Preheat oven to 400ºF. Chop up whatever veggies you are using. Sauté veggies with oil, starting with the onions (everything but the garlic), until mostly soft, then add the garlic. Add the ground meat, salt, and pepper, and cook until meat is browned, stirring. Toss with a little flour, then add your lamb reduction, or other stock (it helps if this is already heated). Add tomato paste/sauce if you have it, other sauces as you see fit (Worchestershire sauce?), and herbs. If it starts getting dry, add more stock. Mix in frozen peas if you like.

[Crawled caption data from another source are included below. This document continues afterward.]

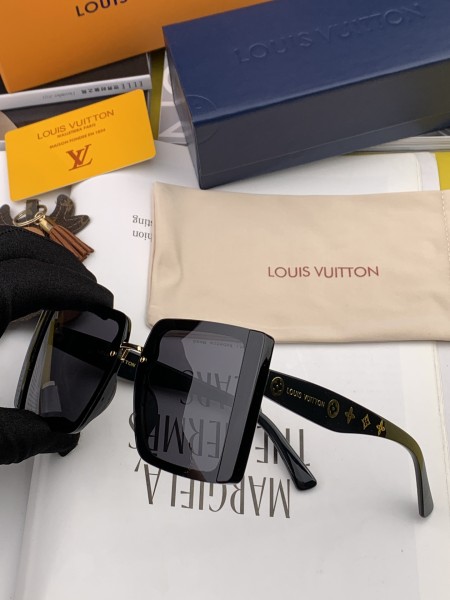 Sunglasses Louis Vuitton L07702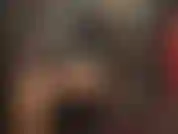 Maîtresse vêtue de caoutchouc noir - de hautes bottes brillantes associées à une tenue sexy en latex noir brillant.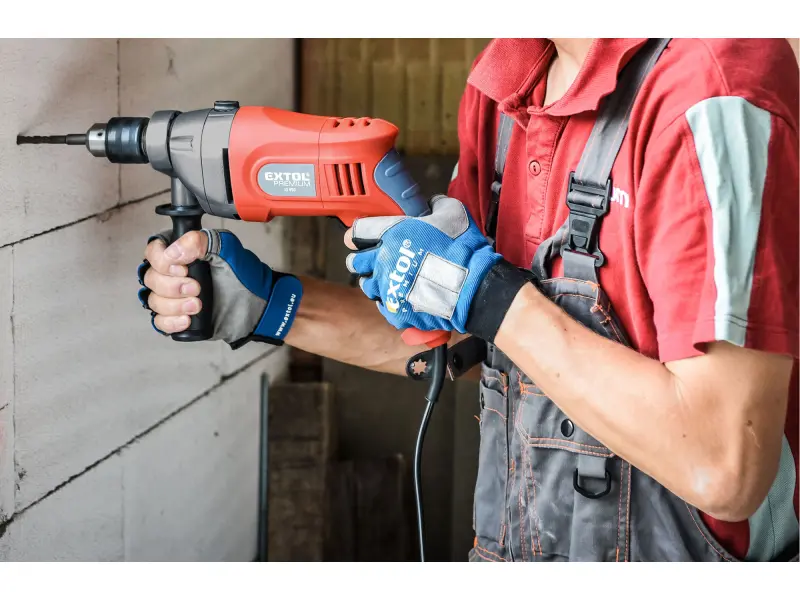 vrtačka s příklepem, 850W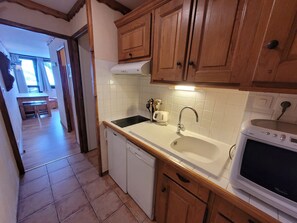 Kühlschrank, Mikrowelle, Geschirrspüler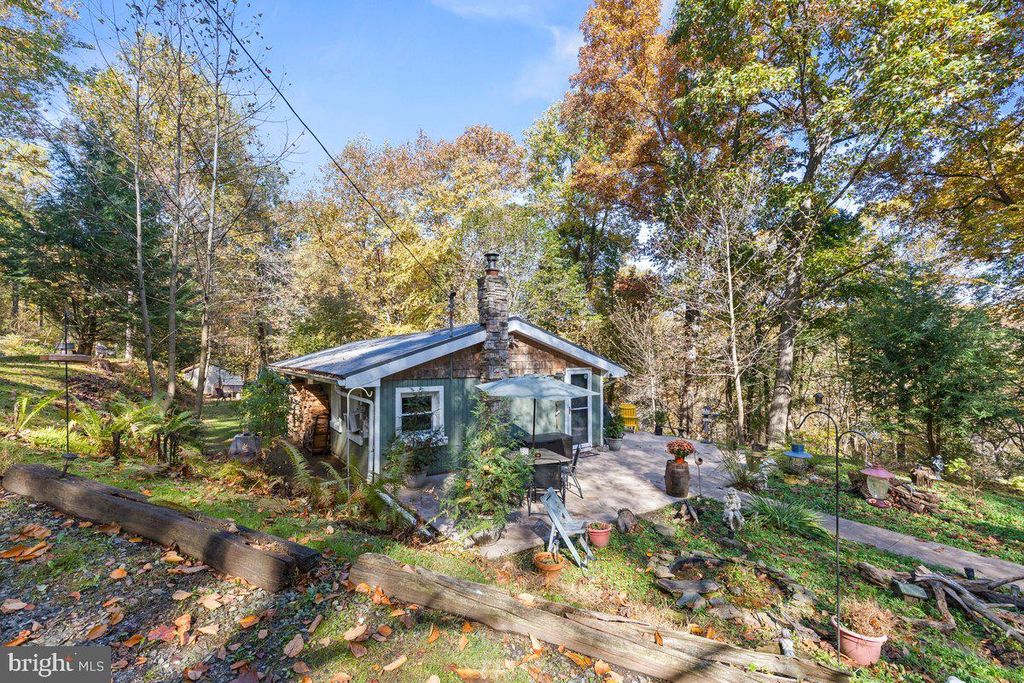 Image 30 of property listing at 141 HONEYMOON LN, Airville, PA 17302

By now the potatoes should be done; drain and mash (with skins!) with butter, milk, and and egg yolk if you are feeling particularly luxurious (hopefully with a potato masher. I’m not sure what I’ll use next time as a substitute). Season to taste.
Put the meat, which should have a thick sauce, in a baking dish (I recommend 2 8×8 pans, so you can freeze one, but you could do one large one, or pie dishes if you don’t have other vessels). Spread mashed potatoes on top, and put it in the oven until the juices are bubbly and potatoes are golden on top, 25 minutes or so. Let cool slightly before serving.
Leftovers heat up well in the microwave, although better (of course) in the oven. And like I said, it freezes well.